§ **The task**
Could you copy exactly the lines from the one containing "Fallas 2016: La" through the last line of the records below, leaving out any pictures?
START Data extract
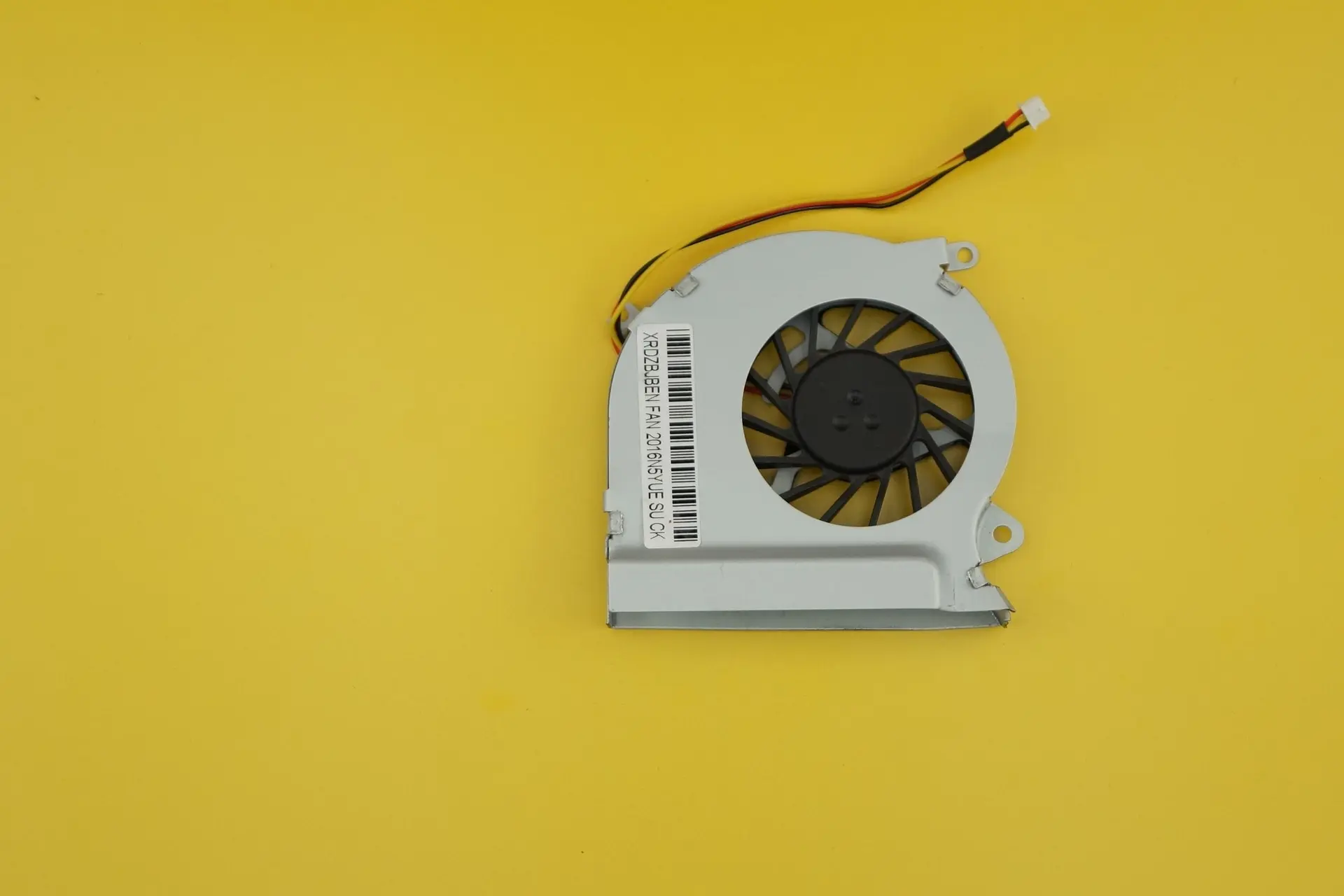 Вентилятор (кулер) для ноутбука [CPU] MSI GE70 2OE (MS-1757) - 3pin новый |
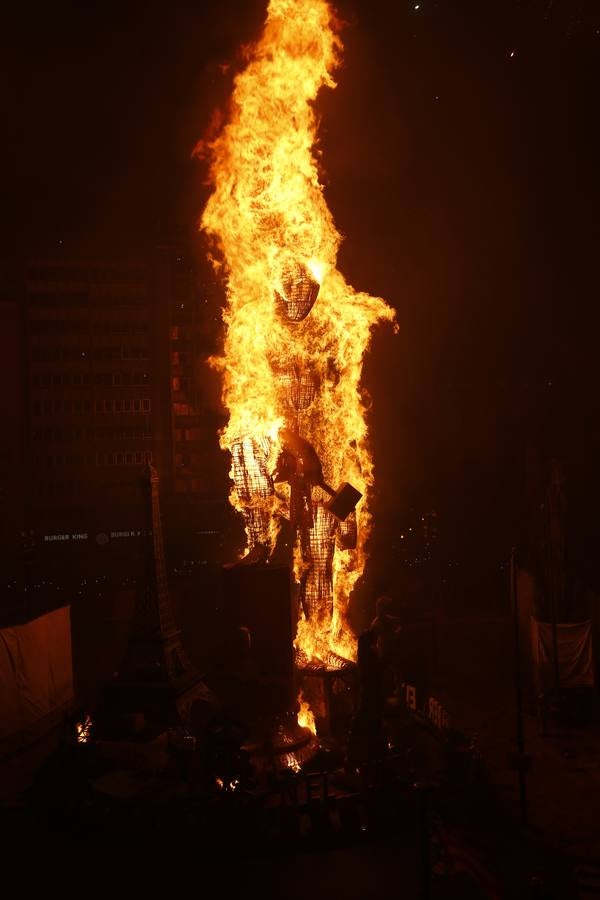 Fallas 2016: La cremà de las Fallas de Valencia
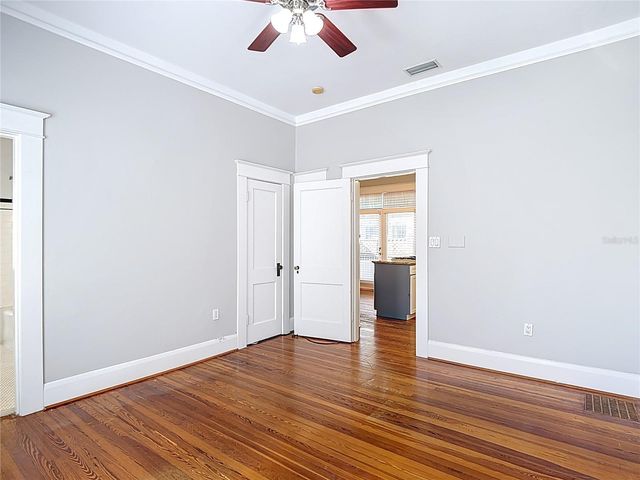 2105 W SOUTHVIEW AVENUE, Tampa, FL 33606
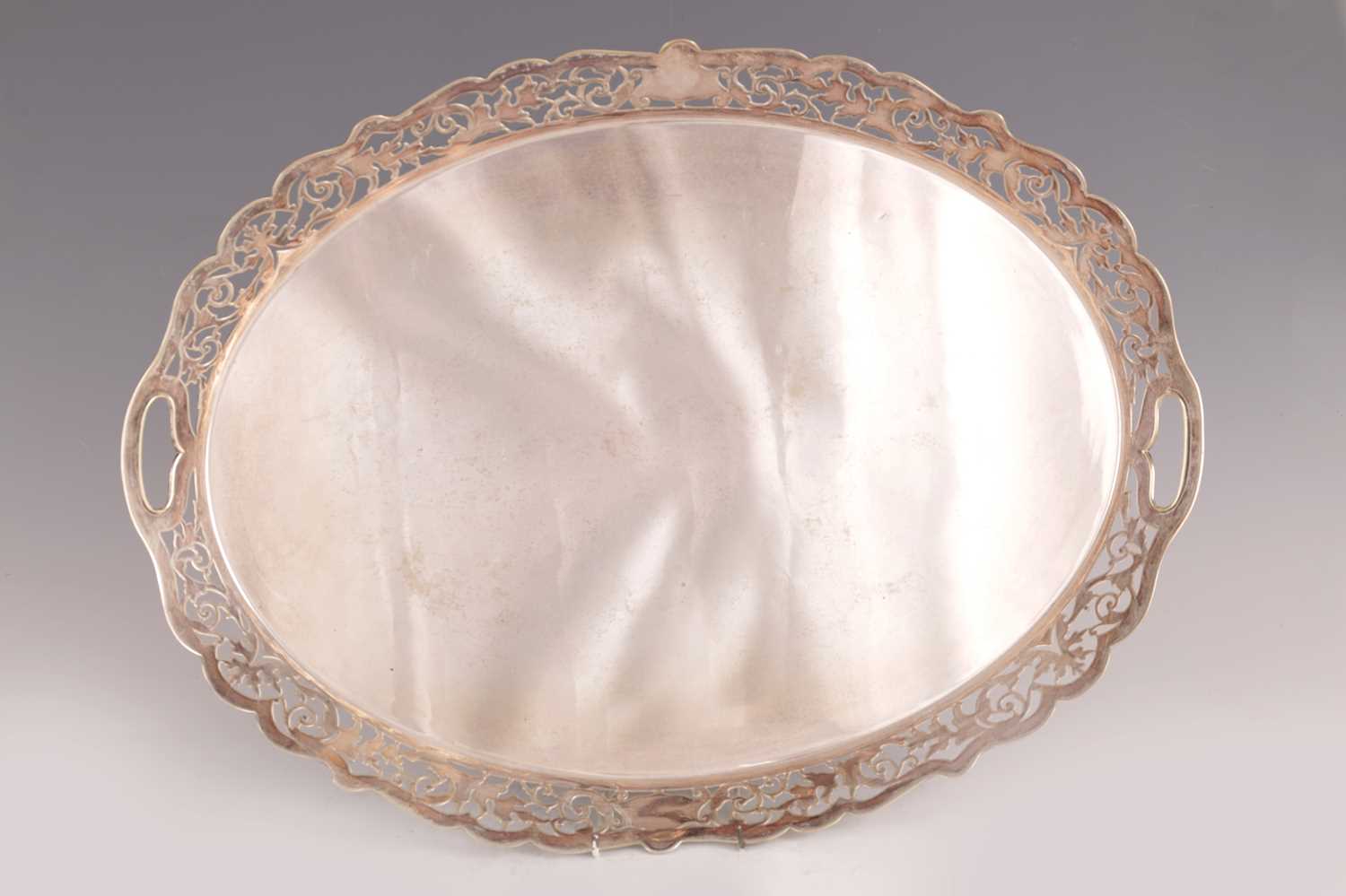 A LARGE OVAL SILVER PLATED TRAY TOGETHER WITH AN OLD SHEFFIELD PLATE BASKET - Image 7 of 10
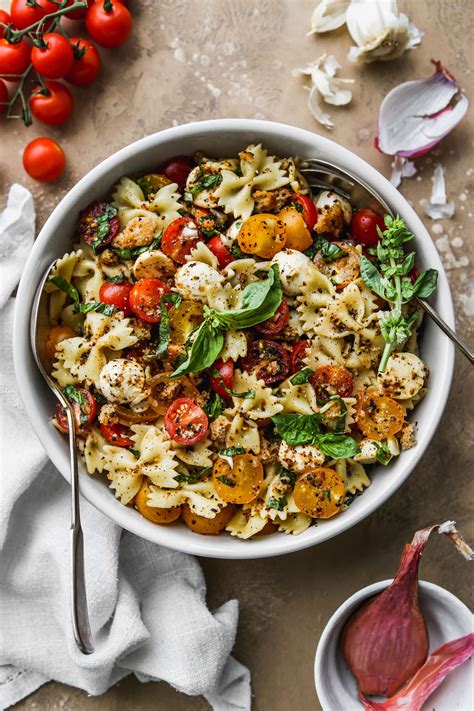 Delicious Bruschetta Pasta Salad Walder Wellness Rd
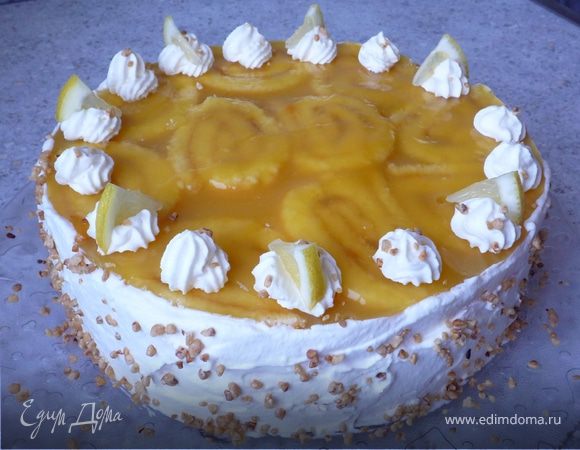 Взбиваем 200мл. сливок. 2/3 сливок обмазываем бока торта, оставшуюся часть из кондитерского мешка с насадкой-звездой в виде башенок
выдавливаем на торт. Украшаем смесью из лесных орехов и дольками апельсина. Приятного аппетита! 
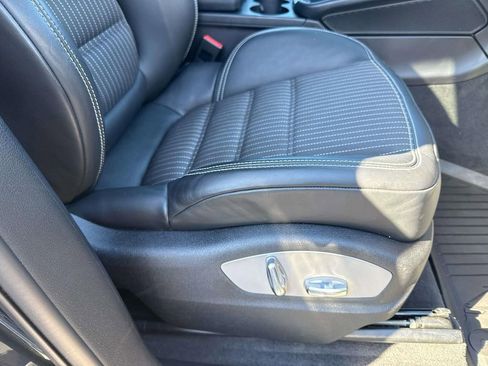 Used 2023 Porsche Macan Turbo image 10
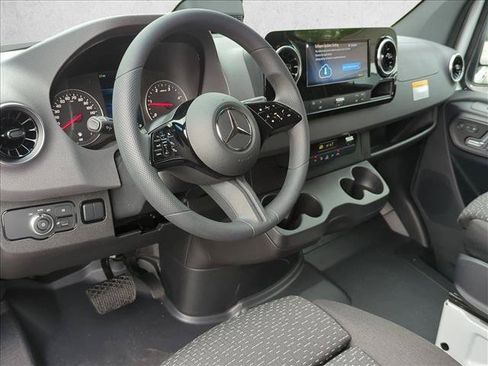 New 2026 Mercedes-Benz Sprinter 2500 image 3
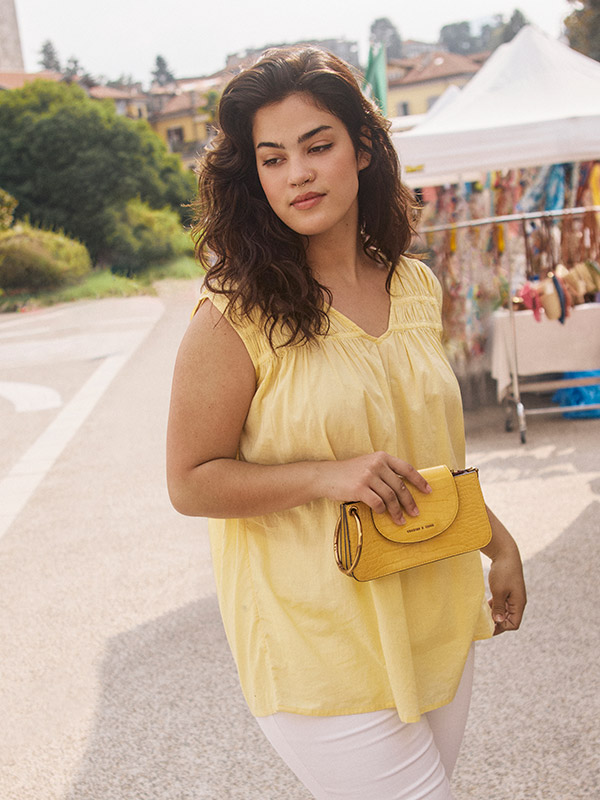 KCTHIA - Plus Size Top fra Kaffe Curve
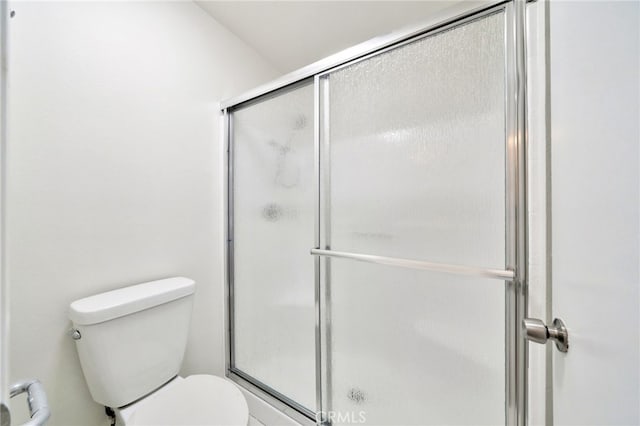 6211 Newhaven Ct Unit 128, Yorba Linda, CA 92887 - full bath with a shower with door and toilet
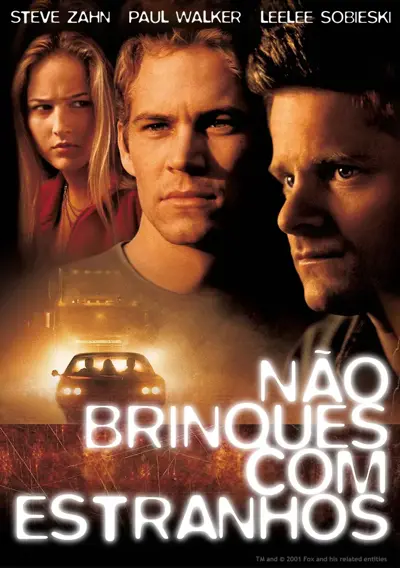 Capa Não Brinques com Estranhos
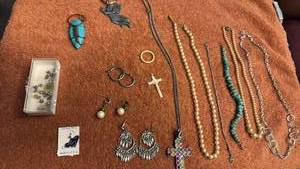 lot 1709 image: Ladies jewelry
END Data extract
§ **Expected answer**
 Fallas 2016: La cremà de las Fallas de Valencia
 2105 W SOUTHVIEW AVENUE, Tampa, FL 33606
 A LARGE OVAL SILVER PLATED TRAY TOGETHER WITH AN OLD SHEFFIELD PLATE BASKET - Image 7 of 10
 Delicious Bruschetta Pasta Salad Walder Wellness Rd
 Взбиваем 200мл. сливок. 2/3 сливок обмазываем бока торта, оставшуюся часть из кондитерского мешка с насадкой-звездой в виде башенок
выдавливаем на торт. Украшаем смесью из лесных орехов и дольками апельсина. Приятного аппетита! 
 Used 2023 Porsche Macan Turbo image 10
 New 2026 Mercedes-Benz Sprinter 2500 image 3
 KCTHIA - Plus Size Top fra Kaffe Curve
 6211 Newhaven Ct Unit 128, Yorba Linda, CA 92887 - full bath with a shower with door and toilet
 Capa Não Brinques com Estranhos
 lot 1709 image: Ladies jewelry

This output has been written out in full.